Do AI models produce more original ideas than researchers?

Transparenz: Redaktionell erstellt und geprüft.
Veröffentlicht am

A new study shows that AI models can generate more original research ideas than 50 scientists. Experts evaluate these approaches.

Eine neue Studie zeigt, dass KI-Modelle mehr originelle Forschungsideen generieren können als 50 Wissenschaftler. Experten bewerten diese Ansätze.
A new study shows that AI models can generate more original research ideas than 50 scientists. Experts evaluate these approaches.

Do AI models produce more original ideas than researchers?

An artificial intelligence (AI)-powered idea generator system has developed more original research approaches than 50 scientists working independently in a recent preprint on arXiv 1.

The human- and AI-generated ideas were evaluated by reviewers who did not know who or what created each idea. Reviewers rated the AI-generated concepts as more exciting compared to human-authored ideas, although the AI's suggestions scored slightly lower in terms of feasibility.

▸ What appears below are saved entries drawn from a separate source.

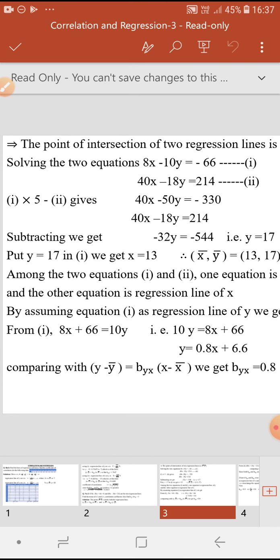Next, find the coefficient of correlation r. Using the formula r equals plus or minus square root of byx times bxy, we need to identify byx and bxy from the two equations. One equation is taken as the regression line of Y and the other as the regression line of X. Remember that byx and bxy must be of the same sign — both positive or both negative. If they are of opposite sign, interchange the equations.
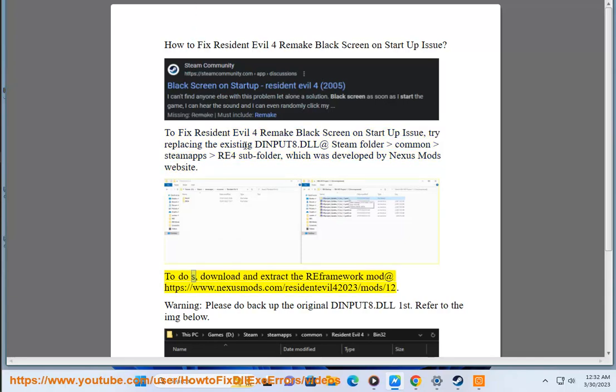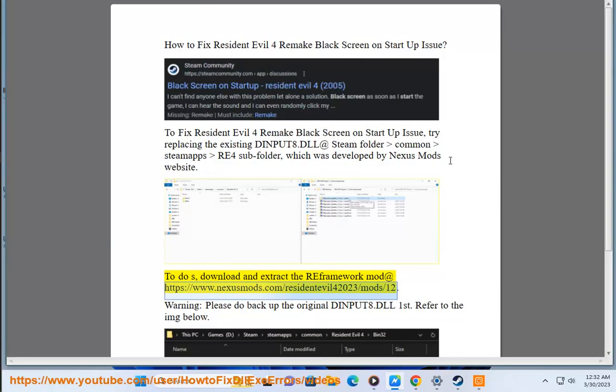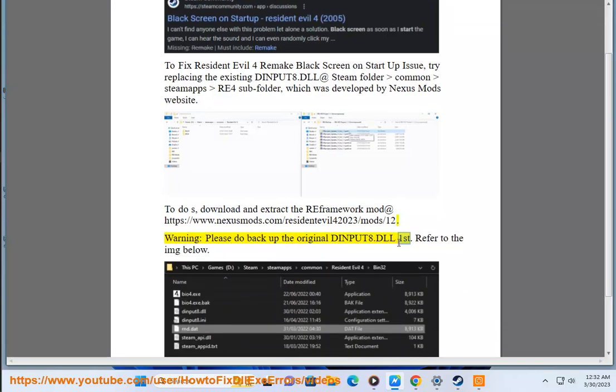To do so, download and extract the RA framework mod at https://www.nexusmods.com/residentevil42023/mod/12. Warning: please do backup the original dinput8.dll first. Refer to the image below.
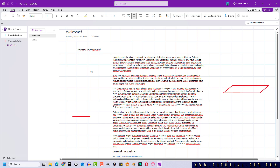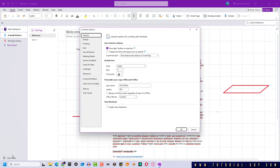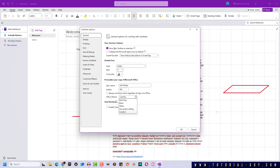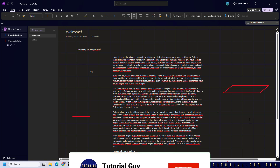To change to dark mode in OneNote, I click on File, Options, and here under General, I can change the office theme. We change the colorful theme to black and click OK. And we can see that OneNote is now running in dark mode.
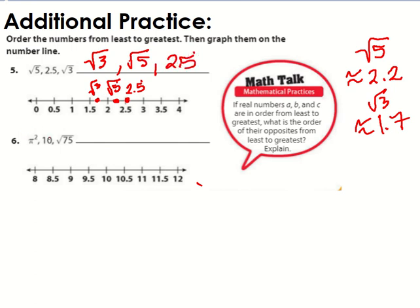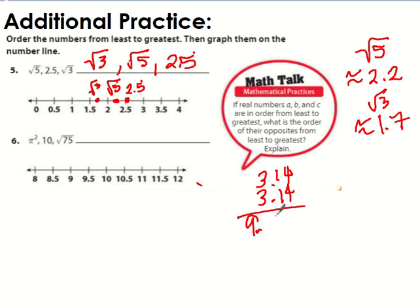For the next problem, pi squared equals 3.14 times 3.14. When you calculate that, you get approximately 9 and 8,596 ten-thousandths — about 9.8596. The integer 10 is already done for us.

However, the scientists point out that the study, which has not yet been peer-reviewed, has limitations. It focused on a specific area of ​​research and required human participants to generate ideas spontaneously, which likely hindered their ability to produce the best concepts.

Artificial intelligence in science

There are rising aspirations, to investigate how large language models (LLMs) can be used to automate research tasks such as Writing articles, Generate code and Literature research can be used. However, it has been difficult to assess whether these AI tools can generate fresh research approaches at a similar level to humans. This is because the evaluation of ideas very subjective and requires specialists who are able to carefully evaluate them, says Chenglei Si, co-author of the study and a computer scientist at Stanford University in California. “The best way to contextualize such capabilities is to make a side-by-side comparison,” says Si.

The year-long project is one of the largest efforts to evaluate whether large language models - the technology behind tools like ChatGPT – can produce innovative research approaches, explains Tom Hope, a computer scientist at the Allen Institute for AI in Jerusalem. “There needs to be more work like this,” he says.

The team recruited more than 100 researchers in the field of natural language processing, a branch of computer science that deals with communication between AI and humans. Forty-nine participants were tasked with developing and formulating ideas within ten days based on one of seven themes. As an incentive, researchers received $300 for each idea, with a $1,000 bonus for the top five ideas.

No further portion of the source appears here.